I have long loved card games and have played a wide variety of them over the years. Some games are really good for large groups, not so much for small groups...such as I Doubt It, though I have seen probably a dozen names for this, most of them rather crude, perhaps referring to fecal matter. Great with a group, not so good with 2 people...
Cribbage, on the other hand, is an excellent 2 player game. It provides a fair amount of strategy yet there is enough luck involved that even the most incompetent player will occasionally win a game. I have had stretches where I had 5 consecutive hands of deadwood and no matter how I had played them the nobs did not help me. I have had other games where my toughest decision was choosing between throwing the J/5 in my crib and keeping the 7778 or being an idiot for 4 or 5 hands in a row. Still, overall there is enough strategy to allow the superior player to win 70-80% of the time.
500 Rummy is another very fun 2 player game. We typically dealt 11 cards and ruled you could not lay off on your opponent's scores until you had melded and to claim the discard pile you had to play the lowest card you were taking before you could take the others into your hand. I spent a lot of time playing this with an girlfriend in my younger days and have played a few times with Emily. This is a better strategy game as you have to consider what to discard and when, balancing your needs for keeping cards in your hand with their probable hands. If you have a good recall of the discard pile, by combining your knowledge of what they have taken with knowing what has been melded you often have a fairly specific knowledge of their hand. Woe betide the person who must choose between giving their opponent an Ace or a face card knowing either one will give your opponent a good scoring meld, but your own hand forces that discard. It is another game where skill plays heavily in the outcome.
At one point I played 2 handed Spades. Yes, there are rules for it...no, they are not as good as 3 or 4 handed. In fact, though this game is one that requires a great deal of skill as you strive to win the correct tricks to build your hand for the 13 counting tricks, it is not one of the best games. I did not like it much as, while there was a high skill factor, there was a low fun factor.

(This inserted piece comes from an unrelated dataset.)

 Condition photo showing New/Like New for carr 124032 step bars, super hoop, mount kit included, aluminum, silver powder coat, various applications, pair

I have played Texas Hold 'Em heads up and find I do not care for it all that much. The nature of heads up means essentially every 2 cards are playable. As a result, too often it becomes "who is more willing to bluff" as there is really no effective means to consistently value where your hand stands in regard to your opponent. Good game multiple player, boring game once it gets down to about 4 players.
War is a classic but one I don't think all that highly of. It is the epitome of a skill-less game. As long as you can turn a card over and see which one is higher you have mastered the strategy. I am not a huge fan of games that revolve purely around luck.

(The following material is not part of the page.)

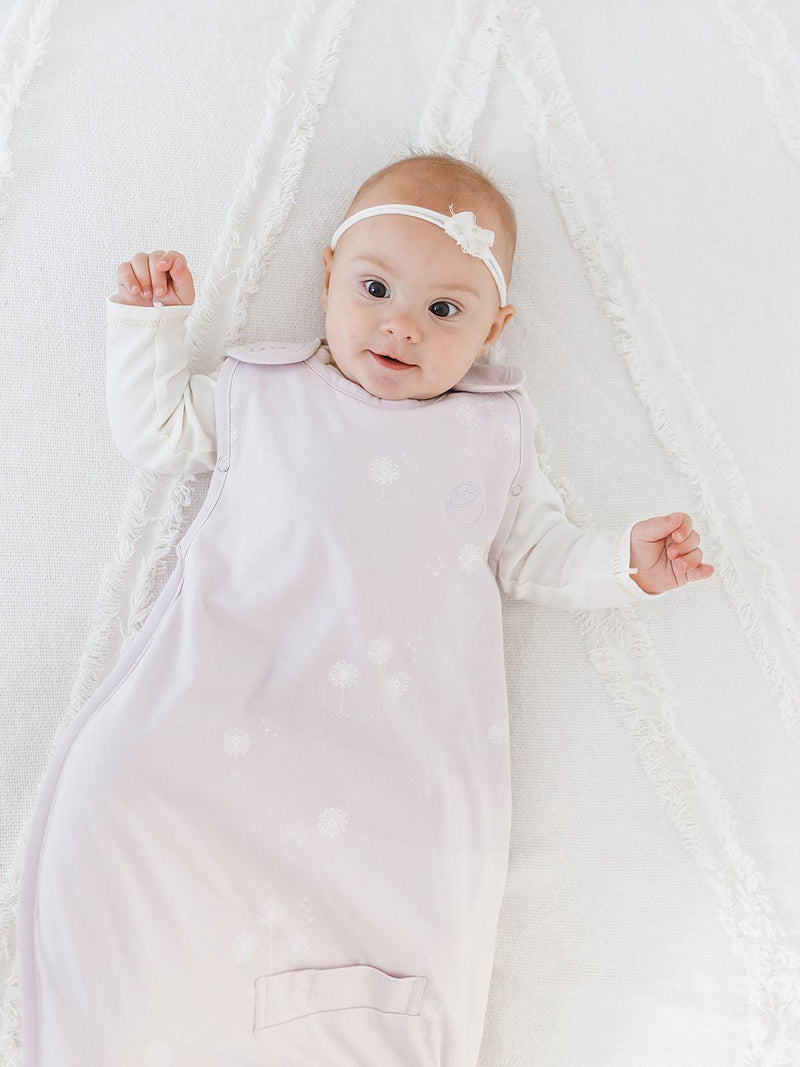 Baby wearing Woolino Organic Cotton Baby Sleep Bag - Dandelions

Oddly, some of my favorite 2 player games I have not played in over 20 years. Way back when, in our house we were not allowed to have playing cards. However, because they were not associated with tarot as regular playing cards long were, we could use the Rook cards invented by George Parker. There were two separate games from that set I absolutely adored; Tennessee Over the Top and Kentucky something or other. It is amazing I remember that much of the name because I seriously have not played them since before Mom died. In fact, Mom was the only person I recall ever playing either game against.
And as good as I have always been at games, at those she was better. I would estimate I have won 75% or better of the cribbage games I have played and probably better than 90% of the rummy games I have played. For a long time I had a score book that I kept all the scores of all the games and it was pretty crazy. I would sometimes go weeks without a loss even when playing 4 - 5 games or more a night when we were babysitting the Allen kids.
Yet when it came to the Rook games, Mom was the master. I lost 80 - 90% of those games. Oh, she was good. On the last hand, no matter how many points she needed...if I bid 70, she bid 80...she could coerce me into overbidding, but I seldom could set her. She had a fine tuned sense of how much to bid. If she ever overbid she would inevitably get the cards she needed to make her bid from the middle. Oh, she was good. Her ability to bid exactly the right amount...she seldom went under but just as seldom went over...was so superior to mine...I seldom hit my bid exactly and left a lot of points on the table that way...was the difference between our records.
But I loved that game. I miss it still. Someday I am going to purchase a deck, find a group of friends and play some Rook. It just might be the best 2 player game around. Or maybe I just remember it that way.